The audition consisted of me blindly stumbling into line with fifty or so high school girls who had been escorted by their mothers. I think I was the only one who wasn't in dress heels (I wore heeled leather boots, a sweater and jeans) and I'm certain I'm the only one who biked to the audition. I filled out a form with my name, phone number, height, dress/suit size, address, and past experience. For past experience (where/what) I wrote "Japan, minor fashion show, bank merchandise catalogue." I don't know why I felt the need to write "Japan" because I didn't do any REAL modeling to speak of when I lived there, but I do credit myself with the experience of registering with an agency and auditioning, even if I wasn't paid for anything. Saying I modeled in Japan just sounds so... prestigious.

Anyways, what happened next took all of seven minutes. One to hand my $10 check to the cashier while she checked that I had a photo in order, five to stand in line, thirty seconds to talk to the judges, fifteen seconds to walk and fifteen to say goodbye. Apparently "Japan" did sound prestigious because one judge asked me about it and all I could think to stumblingly reply was "it was really minor." I think she still assumes I was sent over there rather than that I studied there and attempted modeling to eke out a living. Oh well.

I saw that everyone else had done the same lame down and back walk with a rare bout of flair, so I slung my coat over my shoulder and postured a bit, praying that I didn't look like an idiot. Afterwards, of course, I thought I did, and picked apart everything I'd said even though I knew I'd be doing that no matter what my responses had been. The fact is, even though I vested no real energy, self worth, time, or money into the event, I had thought it would be fun, and spent the better part of the morning preparing myself to be disappointed. The follow-up session for selectees is on Wednesday the 6th, so at least I knew I'd find out soon.

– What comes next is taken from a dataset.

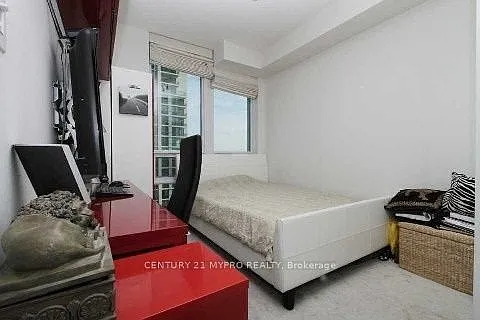 18 Harbour St #3105 — Photo 13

They called me at 8:30PM to tell me they wanted me. Me! For a fashion show! I keep thinking I'm the exception to the rule and that I'll stand out as the 22-year-old "all sizes" model among 35 of those underage waifs, or that I'll show up on Wednesday and get a look like "what are YOU doing here?" Regardless of what I look like, I honestly think I've never FELT enough like any kind of model to BE one. Now that I have the chance, I feel like I'm about to be found out for an impostor.

But I'm also really, REALLY excited. It'll be so much FUN to be primped and pampered and strut like a sexy lady. 'Twill add to my stress level for the next two weeks, as the show is on the 13th, but whatever. The less seriously I take it, the better I'll look.

First things first. I get a free cut and color from London Hair, a chintzy salon. Then I get fitted for clothes from Prose Dress, a boutique that sells high-end New York fashion and is conveniently located about 6 blocks from my house. Wednesday, I go back to Studio One at the Hult Center for "professional" training, then I walk on the 13th. I have a feeling there's more involved than that but the only other detail I have on record at the moment is that I get free ballet tickets-- for the upcoming show or for the season I'm not sure. Either way, hurrah!

I also don't know if I get to keep the clothing, should it be tailored to me. That would be FAN-tastic, but I don't expect it. I will be needing a pant suit or two soon for interviews and a "real" job, and I ought to look swank for Justin's grandpa's 90th b-day at the Four Seasons in Jackson Hole at the end of June... but pish posh, I'm sure something will come my way.

And that's a wrap for the time being. I promise I won't come out a redheaded waif, just maybe slightly more primped and princessy. Tickets to the "Cocktails and Coiture" fashion show are $25 or $35 runway-side-- Wednesday April 13th, "entertainment" included, cocktails probably not.